Em face do exposto, não há falar-se, com a devida vênia do MM. Juiz e, reformulando orientação anteriormente assumida por este Órgão, em preclusão.

Com respeito à questão de fundo, isto é, ao cabimento da suspensão condicional do processo, entende esta Procuradoria Geral de Justiça que a razão está com a combativa Promotora de Justiça oficiante. De fato, não há falar-se em simples violência contra a coisa, mas em agressão física perpetrada contra a ofendida e, via de consequência, em crime de roubo.

O Superior Tribunal de Justiça, aliás, já decidiu de modo semelhante:

 

“RECURSO ESPECIAL. CRIME CONTRA O PATRIMÔNIO. TROMBADA. EMPREGO DE VIOLÊNCIA QUE RESULTOU OFENSA À INTEGRIDADE FÍSICA DA VÍTIMA. DELITO DE ROUBO. CONSUMAÇÃO DO DELITO. POSSE TRANQÜILA DA RES FURTIVA. DESNECESSIDADE. PRECEDENTES DO STJ E DO STF.

1. Tendo sido a vítima atacada e derrubada por um trombadinha, inclusive com o comprometimento de sua integridade física, lesão corporal, o delito é classificado como roubo, e não como simples furto. Precedentes.

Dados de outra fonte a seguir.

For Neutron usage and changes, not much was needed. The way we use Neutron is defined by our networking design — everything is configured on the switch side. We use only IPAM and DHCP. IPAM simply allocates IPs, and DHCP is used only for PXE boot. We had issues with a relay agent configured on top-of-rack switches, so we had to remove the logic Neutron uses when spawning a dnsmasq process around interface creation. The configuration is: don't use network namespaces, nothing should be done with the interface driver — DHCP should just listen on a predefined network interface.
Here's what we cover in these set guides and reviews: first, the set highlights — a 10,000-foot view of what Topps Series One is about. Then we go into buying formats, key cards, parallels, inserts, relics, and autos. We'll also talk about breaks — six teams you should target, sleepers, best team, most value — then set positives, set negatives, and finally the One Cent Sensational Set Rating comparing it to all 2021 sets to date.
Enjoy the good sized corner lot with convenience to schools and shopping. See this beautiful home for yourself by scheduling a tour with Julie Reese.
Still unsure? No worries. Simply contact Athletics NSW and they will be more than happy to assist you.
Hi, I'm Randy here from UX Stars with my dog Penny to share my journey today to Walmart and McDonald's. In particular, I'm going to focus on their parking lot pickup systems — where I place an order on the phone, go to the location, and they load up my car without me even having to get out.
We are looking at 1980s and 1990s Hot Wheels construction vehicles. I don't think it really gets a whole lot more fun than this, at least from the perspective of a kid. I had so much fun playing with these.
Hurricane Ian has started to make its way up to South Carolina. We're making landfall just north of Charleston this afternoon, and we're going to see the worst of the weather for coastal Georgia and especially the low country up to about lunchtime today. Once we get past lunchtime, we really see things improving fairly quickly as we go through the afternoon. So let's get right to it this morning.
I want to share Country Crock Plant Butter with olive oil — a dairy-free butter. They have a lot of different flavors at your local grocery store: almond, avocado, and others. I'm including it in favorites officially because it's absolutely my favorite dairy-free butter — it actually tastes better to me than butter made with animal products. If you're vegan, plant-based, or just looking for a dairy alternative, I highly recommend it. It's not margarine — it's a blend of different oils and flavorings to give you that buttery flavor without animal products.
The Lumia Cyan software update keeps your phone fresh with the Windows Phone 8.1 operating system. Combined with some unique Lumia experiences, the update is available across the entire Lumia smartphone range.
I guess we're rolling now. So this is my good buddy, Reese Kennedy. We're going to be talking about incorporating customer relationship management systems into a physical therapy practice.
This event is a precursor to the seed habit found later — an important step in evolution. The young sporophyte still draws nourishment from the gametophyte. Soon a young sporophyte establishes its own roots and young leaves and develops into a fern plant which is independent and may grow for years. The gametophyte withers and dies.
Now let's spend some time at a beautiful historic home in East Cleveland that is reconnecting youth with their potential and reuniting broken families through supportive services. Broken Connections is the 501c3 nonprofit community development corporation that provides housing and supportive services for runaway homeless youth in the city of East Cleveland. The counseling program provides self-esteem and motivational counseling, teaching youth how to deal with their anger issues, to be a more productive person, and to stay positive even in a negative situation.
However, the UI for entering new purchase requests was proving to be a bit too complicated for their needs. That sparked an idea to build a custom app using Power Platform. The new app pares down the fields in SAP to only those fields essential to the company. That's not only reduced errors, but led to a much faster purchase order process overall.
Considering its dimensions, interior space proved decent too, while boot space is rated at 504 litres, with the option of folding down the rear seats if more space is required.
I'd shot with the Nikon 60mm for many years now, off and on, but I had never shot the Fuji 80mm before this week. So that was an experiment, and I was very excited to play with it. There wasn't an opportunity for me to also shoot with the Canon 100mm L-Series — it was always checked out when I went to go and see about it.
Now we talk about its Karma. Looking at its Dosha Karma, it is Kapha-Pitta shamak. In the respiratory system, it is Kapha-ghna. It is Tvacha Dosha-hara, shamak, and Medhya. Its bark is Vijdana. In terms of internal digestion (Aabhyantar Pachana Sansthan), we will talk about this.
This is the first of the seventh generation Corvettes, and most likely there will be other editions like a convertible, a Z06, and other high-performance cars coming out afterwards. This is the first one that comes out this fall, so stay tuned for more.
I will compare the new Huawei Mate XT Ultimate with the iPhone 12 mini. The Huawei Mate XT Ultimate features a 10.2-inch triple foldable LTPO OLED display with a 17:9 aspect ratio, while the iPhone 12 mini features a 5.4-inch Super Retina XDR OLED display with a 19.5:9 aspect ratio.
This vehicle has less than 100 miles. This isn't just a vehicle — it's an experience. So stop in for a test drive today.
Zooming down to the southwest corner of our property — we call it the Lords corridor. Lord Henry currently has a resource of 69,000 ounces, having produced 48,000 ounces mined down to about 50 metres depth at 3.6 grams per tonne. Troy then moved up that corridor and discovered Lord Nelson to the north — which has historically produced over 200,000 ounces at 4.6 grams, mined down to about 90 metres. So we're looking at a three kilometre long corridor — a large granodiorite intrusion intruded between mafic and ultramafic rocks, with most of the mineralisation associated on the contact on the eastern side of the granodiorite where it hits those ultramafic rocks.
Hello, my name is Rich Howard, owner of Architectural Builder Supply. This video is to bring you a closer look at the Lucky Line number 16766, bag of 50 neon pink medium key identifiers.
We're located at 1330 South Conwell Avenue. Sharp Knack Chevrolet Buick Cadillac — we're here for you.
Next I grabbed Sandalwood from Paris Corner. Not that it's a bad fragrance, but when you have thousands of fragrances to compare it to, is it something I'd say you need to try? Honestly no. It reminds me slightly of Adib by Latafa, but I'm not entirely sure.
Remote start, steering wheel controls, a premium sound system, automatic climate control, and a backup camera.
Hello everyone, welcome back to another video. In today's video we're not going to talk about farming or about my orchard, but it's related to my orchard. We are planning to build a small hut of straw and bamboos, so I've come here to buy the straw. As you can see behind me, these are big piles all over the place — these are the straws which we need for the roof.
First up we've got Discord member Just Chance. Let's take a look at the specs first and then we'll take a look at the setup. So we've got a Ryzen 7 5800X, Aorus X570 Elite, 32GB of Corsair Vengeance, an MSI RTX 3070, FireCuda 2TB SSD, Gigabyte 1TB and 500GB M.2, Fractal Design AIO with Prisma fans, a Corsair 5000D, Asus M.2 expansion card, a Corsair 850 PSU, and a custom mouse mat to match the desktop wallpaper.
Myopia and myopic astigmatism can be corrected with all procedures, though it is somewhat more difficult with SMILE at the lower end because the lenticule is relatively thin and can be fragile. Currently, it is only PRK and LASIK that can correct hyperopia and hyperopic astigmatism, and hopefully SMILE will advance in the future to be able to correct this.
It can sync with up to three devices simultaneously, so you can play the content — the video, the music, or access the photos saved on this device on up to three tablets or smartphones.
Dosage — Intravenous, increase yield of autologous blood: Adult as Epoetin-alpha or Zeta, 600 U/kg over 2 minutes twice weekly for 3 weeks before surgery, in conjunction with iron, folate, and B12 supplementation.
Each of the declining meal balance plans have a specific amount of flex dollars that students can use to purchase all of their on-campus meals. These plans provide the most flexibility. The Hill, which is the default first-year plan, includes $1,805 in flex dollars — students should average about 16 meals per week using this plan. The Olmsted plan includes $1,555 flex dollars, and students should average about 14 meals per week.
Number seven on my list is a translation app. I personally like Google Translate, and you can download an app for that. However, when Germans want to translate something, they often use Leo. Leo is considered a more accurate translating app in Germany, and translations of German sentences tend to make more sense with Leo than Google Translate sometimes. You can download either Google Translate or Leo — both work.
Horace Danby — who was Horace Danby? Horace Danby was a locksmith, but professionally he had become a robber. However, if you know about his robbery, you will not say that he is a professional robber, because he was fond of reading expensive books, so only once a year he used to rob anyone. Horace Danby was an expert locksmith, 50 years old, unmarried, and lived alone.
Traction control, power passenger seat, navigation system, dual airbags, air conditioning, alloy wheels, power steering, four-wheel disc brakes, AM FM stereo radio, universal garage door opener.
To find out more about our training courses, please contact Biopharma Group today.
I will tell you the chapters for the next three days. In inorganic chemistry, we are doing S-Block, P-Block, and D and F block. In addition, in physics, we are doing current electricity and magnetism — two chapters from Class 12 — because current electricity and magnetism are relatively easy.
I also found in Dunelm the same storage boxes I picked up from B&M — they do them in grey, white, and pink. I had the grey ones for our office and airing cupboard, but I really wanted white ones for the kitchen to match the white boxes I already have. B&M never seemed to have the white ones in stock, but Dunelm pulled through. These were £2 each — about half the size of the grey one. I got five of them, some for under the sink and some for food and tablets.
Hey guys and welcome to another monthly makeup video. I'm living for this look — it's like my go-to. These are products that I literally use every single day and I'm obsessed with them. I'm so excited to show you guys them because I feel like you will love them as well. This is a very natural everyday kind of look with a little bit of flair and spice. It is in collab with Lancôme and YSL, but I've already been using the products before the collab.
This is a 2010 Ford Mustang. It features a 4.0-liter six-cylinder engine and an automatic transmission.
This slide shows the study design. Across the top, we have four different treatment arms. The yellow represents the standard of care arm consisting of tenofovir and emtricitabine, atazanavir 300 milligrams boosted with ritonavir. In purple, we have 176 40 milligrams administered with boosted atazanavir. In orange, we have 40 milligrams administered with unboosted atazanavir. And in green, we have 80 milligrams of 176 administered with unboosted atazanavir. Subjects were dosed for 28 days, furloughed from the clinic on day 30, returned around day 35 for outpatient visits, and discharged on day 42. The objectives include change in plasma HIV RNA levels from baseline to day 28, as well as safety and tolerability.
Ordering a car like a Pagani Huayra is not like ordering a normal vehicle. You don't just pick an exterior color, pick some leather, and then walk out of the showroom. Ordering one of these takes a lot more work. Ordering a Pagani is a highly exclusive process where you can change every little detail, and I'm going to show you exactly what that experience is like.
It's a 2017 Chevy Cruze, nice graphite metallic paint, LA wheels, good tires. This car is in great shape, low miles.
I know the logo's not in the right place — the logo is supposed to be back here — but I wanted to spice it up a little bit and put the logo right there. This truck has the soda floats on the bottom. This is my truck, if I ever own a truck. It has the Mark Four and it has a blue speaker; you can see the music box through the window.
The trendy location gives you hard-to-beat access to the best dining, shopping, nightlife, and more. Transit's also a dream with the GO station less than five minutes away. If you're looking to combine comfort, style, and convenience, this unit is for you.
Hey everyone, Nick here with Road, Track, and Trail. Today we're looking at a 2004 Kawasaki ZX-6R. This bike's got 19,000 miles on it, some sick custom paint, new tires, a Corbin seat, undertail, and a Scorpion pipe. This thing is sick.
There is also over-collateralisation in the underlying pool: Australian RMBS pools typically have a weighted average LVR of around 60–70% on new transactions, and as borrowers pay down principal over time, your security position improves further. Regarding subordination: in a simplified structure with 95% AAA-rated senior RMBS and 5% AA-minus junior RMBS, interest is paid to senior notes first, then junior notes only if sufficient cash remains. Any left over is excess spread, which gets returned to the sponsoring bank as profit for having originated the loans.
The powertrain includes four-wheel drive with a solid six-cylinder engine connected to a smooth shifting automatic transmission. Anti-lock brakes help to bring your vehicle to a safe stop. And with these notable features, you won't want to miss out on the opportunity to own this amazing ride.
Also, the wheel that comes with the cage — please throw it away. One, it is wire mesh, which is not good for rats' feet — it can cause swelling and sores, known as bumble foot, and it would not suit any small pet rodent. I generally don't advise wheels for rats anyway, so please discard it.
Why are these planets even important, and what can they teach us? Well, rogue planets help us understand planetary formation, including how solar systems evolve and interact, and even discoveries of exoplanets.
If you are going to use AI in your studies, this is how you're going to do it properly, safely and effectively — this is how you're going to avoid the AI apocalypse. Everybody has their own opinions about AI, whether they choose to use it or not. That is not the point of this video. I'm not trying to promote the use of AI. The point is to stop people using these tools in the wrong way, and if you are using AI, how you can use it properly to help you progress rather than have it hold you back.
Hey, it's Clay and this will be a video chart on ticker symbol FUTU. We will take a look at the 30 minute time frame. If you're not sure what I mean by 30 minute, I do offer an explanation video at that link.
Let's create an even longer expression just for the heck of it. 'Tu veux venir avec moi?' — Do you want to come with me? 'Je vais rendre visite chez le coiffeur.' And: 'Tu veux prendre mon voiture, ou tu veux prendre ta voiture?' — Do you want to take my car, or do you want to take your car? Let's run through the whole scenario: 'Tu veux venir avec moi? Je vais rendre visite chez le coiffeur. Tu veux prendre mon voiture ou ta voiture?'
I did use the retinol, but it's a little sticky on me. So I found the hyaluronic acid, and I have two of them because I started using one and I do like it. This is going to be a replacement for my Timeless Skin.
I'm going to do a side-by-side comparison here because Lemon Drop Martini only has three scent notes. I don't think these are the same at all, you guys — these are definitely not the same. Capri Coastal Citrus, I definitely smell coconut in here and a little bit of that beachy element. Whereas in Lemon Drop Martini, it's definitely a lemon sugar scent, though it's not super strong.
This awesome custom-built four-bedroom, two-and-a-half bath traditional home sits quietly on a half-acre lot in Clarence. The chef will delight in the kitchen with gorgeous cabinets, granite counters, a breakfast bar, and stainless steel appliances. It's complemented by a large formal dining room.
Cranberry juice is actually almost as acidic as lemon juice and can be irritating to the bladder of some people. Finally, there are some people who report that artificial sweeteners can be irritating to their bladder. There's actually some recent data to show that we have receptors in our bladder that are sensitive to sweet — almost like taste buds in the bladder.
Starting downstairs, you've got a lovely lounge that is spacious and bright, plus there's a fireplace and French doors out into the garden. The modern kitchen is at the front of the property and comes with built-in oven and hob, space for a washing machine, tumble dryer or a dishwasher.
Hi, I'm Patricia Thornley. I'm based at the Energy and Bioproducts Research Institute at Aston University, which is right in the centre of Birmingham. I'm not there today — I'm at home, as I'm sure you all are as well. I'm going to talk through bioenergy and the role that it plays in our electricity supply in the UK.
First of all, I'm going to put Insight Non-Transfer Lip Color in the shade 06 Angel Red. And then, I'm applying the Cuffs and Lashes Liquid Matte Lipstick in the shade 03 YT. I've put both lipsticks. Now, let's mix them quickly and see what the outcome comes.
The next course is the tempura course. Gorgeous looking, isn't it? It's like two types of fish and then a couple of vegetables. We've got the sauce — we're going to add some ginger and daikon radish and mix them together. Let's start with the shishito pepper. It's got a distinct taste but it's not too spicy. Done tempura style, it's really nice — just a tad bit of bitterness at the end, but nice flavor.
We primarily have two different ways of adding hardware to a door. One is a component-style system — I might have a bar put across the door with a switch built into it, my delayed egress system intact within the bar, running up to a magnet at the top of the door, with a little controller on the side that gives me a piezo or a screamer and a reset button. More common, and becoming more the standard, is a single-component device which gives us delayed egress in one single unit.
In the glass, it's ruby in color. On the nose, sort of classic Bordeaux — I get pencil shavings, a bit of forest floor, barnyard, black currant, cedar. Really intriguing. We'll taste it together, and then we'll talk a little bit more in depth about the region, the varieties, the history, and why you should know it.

2. A consumação do crime de roubo ocorre com a mera posse do bem subtraído, ainda que por um breve período, não se exigindo, para sua consumação a posse tranqüila.

3. Fica prejudicada a alegada violação ao art. 89 da Lei n.° 9.099/95, tendo em vista o reconhecimento da prática de roubo consumado.

4. Conheço parcialmente do recurso especial, e nessa parte, dou-lhe provimento"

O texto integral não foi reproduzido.